== INFORMATION SUPPLIED ==
****

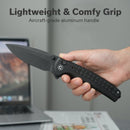 CIVIVI Sentinel Strike II Flipper & Thumb Stud & Button Lock Knife Aluminum & FRN Handle (3.7" Nitro - V Blade) C22025D - 1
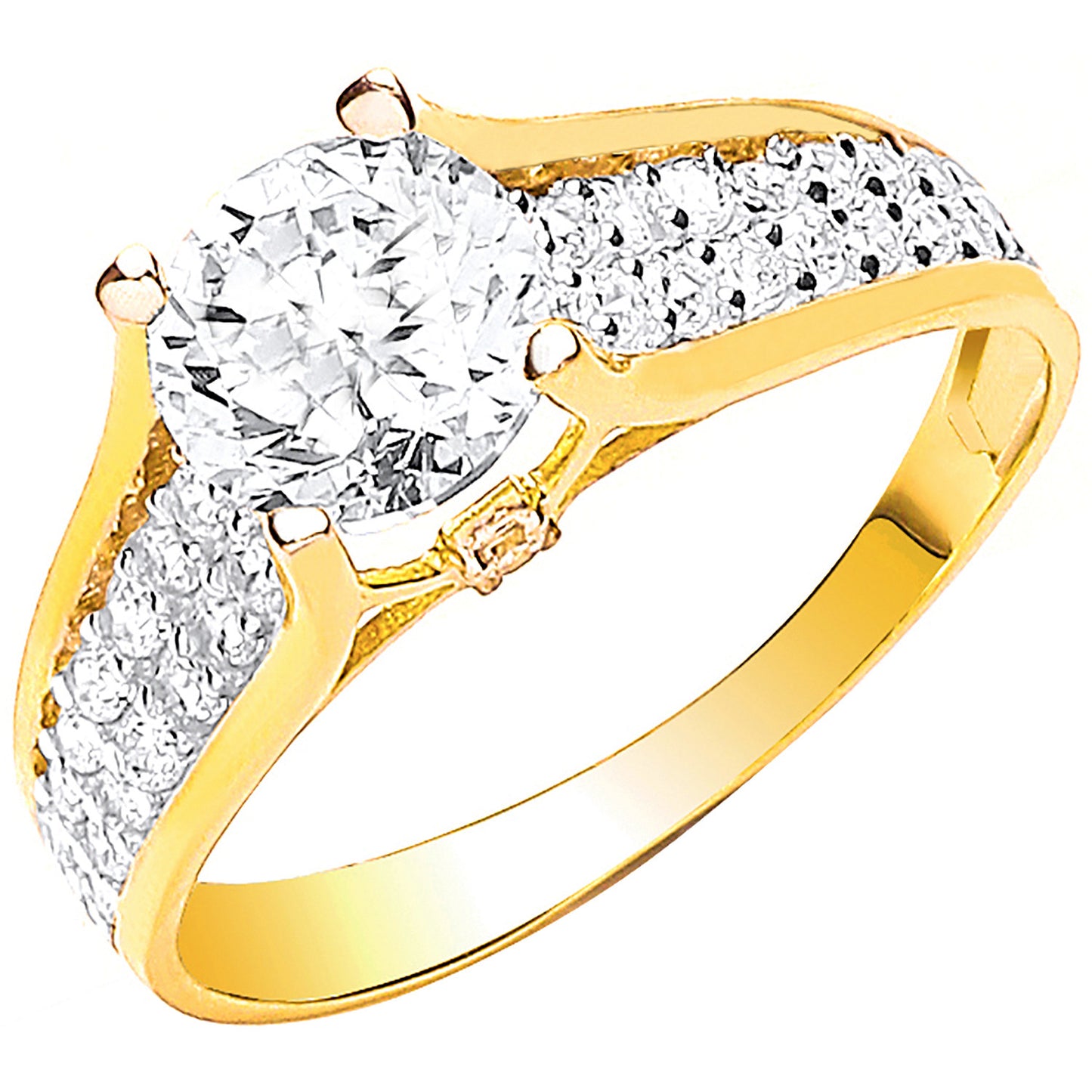 Y/G Ladies Single Stone Two Row Cz Shoulder Ring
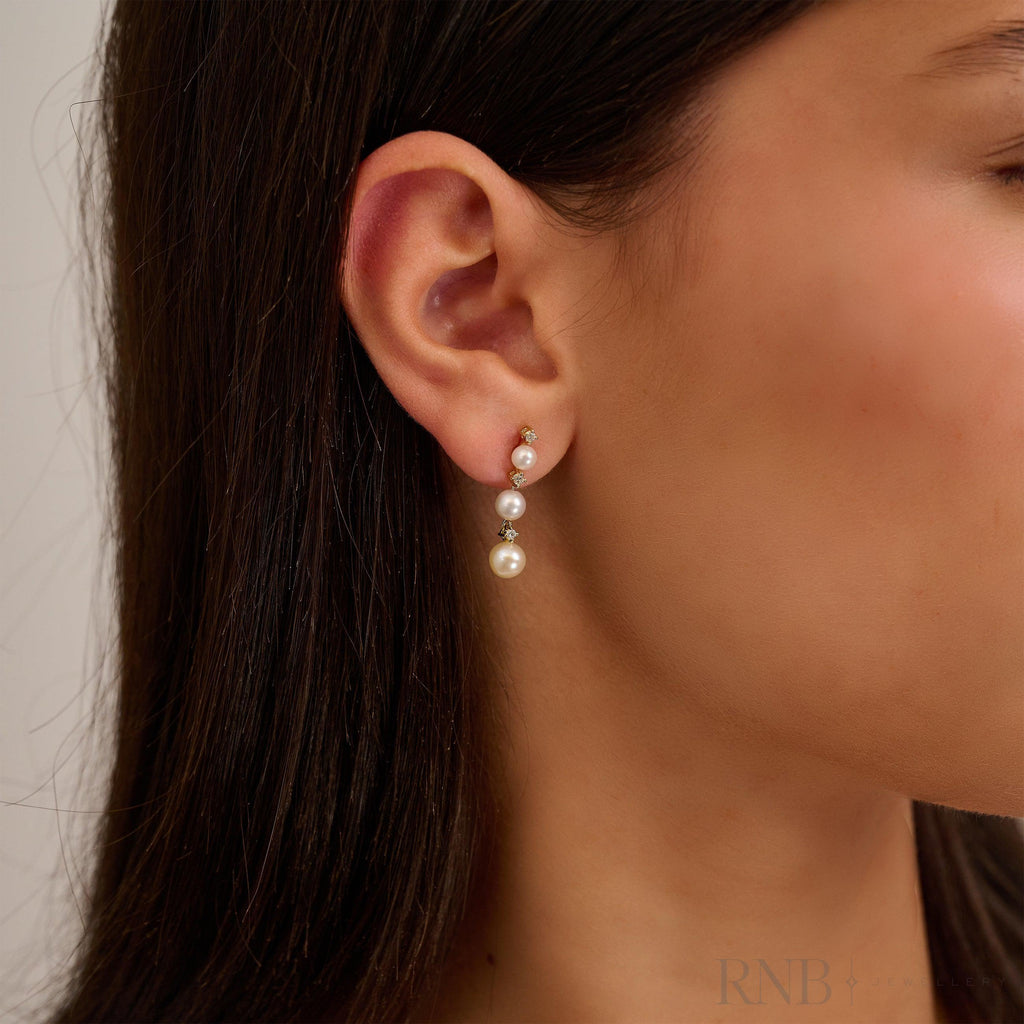 Cultured Pearl & Diamonds Stud Earrings-RNB Jewellery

****

== WHAT YOU WILL DO ==
Please copy out the whole listing exactly as it stands, minus the pictures.

== EXPECTED ANSWER ==
 CIVIVI Sentinel Strike II Flipper & Thumb Stud & Button Lock Knife Aluminum & FRN Handle (3.7" Nitro - V Blade) C22025D - 1
 Y/G Ladies Single Stone Two Row Cz Shoulder Ring
 Cultured Pearl & Diamonds Stud Earrings-RNB Jewellery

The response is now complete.